◆ Task item: Type the data below again exactly. Omit all pictures.

◆ Data segment:
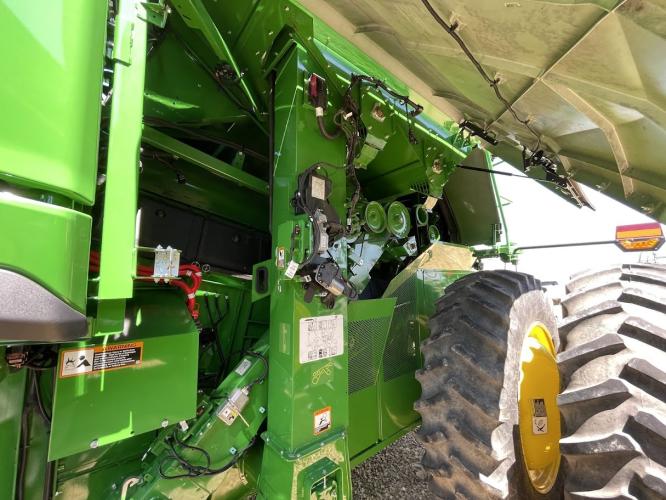 John Deere S7 700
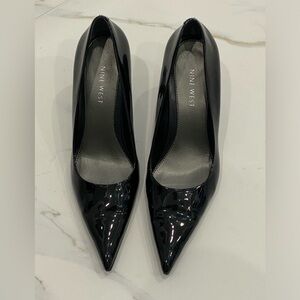 Pretty Nine West Black Patent Classic Pumps, Size 7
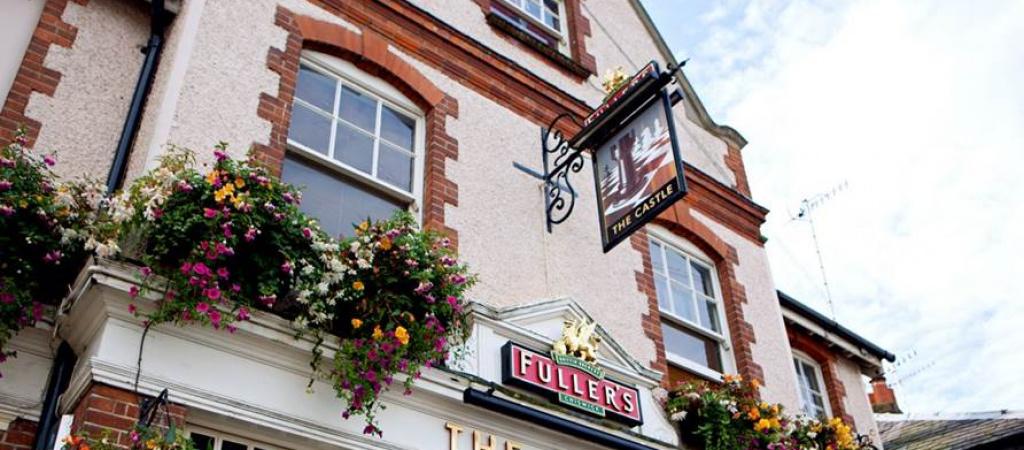 Best Sports Bars in Harrow - Castle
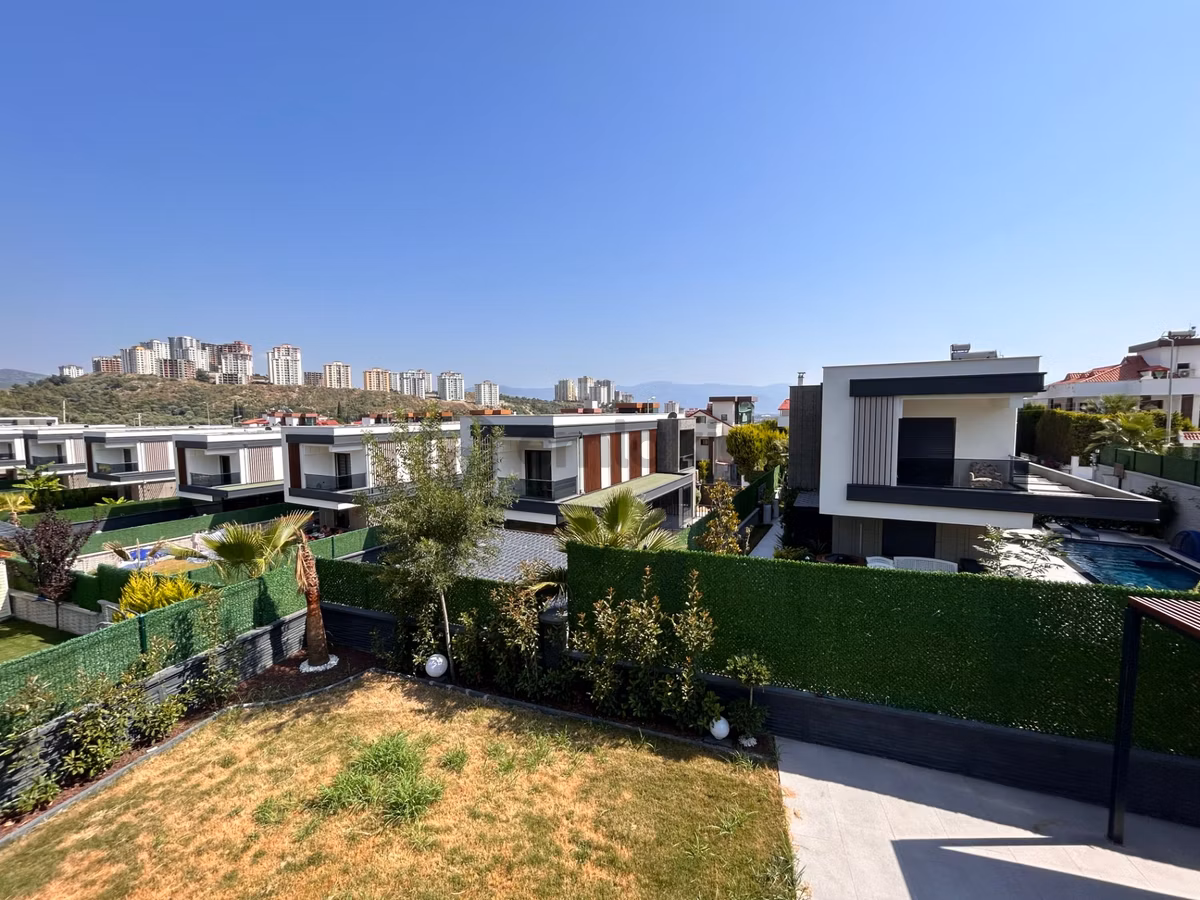 Kuşadası Merkezde Doğalgazlı 4+1 Müstakil Villa - 23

◆ Response for this exercise:
 John Deere S7 700
 Pretty Nine West Black Patent Classic Pumps, Size 7
 Best Sports Bars in Harrow - Castle
 Kuşadası Merkezde Doğalgazlı 4+1 Müstakil Villa - 23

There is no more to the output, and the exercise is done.